• **About this task**: Nothing but the lines below from the one that contains "在袁家村精品民宿酒店里,大庆来的游客悠闲的享受着午后的暖阳。" through the one that contains "sou assim se" should be retyped, exactly and including both ends. Do not include pictures.

• **Records shown**:
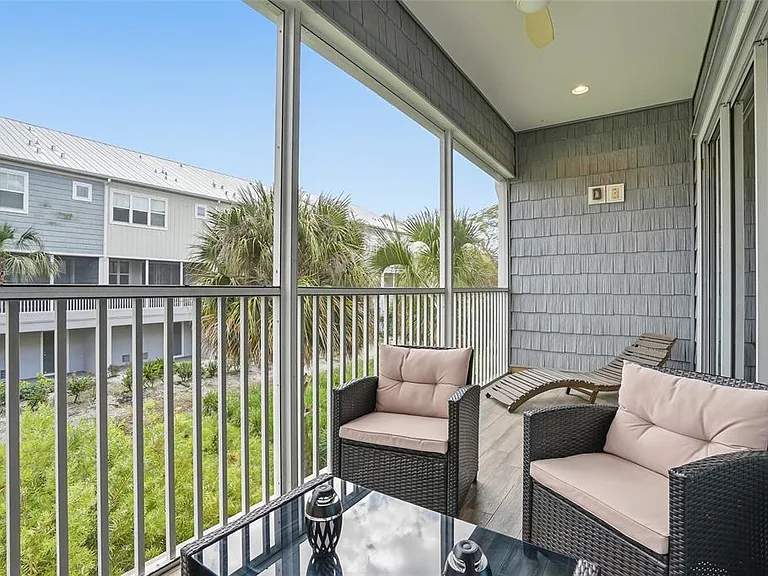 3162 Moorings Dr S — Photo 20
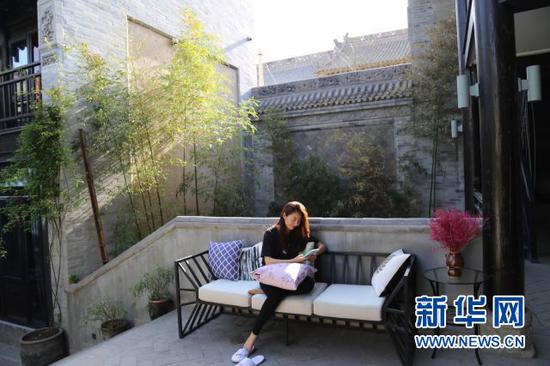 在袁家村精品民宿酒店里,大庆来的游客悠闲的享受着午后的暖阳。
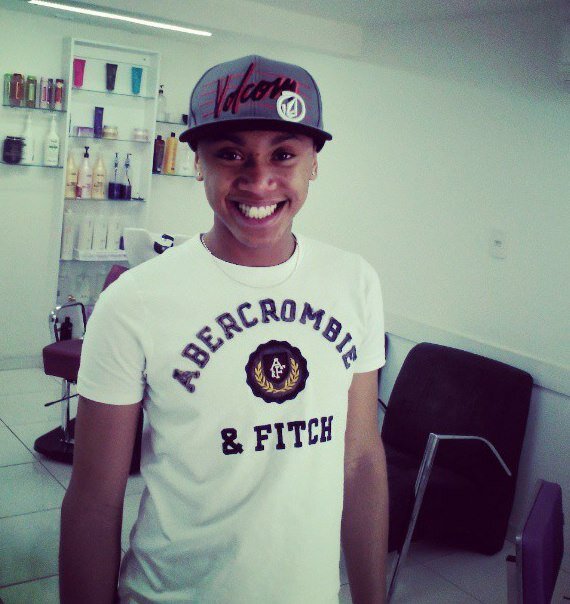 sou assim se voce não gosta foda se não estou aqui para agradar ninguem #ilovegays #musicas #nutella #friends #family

---

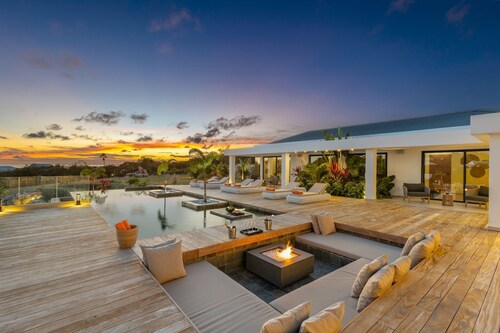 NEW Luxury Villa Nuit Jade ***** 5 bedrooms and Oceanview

• **Response below**:
 在袁家村精品民宿酒店里,大庆来的游客悠闲的享受着午后的暖阳。
 sou assim se voce não gosta foda se não estou aqui para agradar ninguem #ilovegays #musicas #nutella #friends #family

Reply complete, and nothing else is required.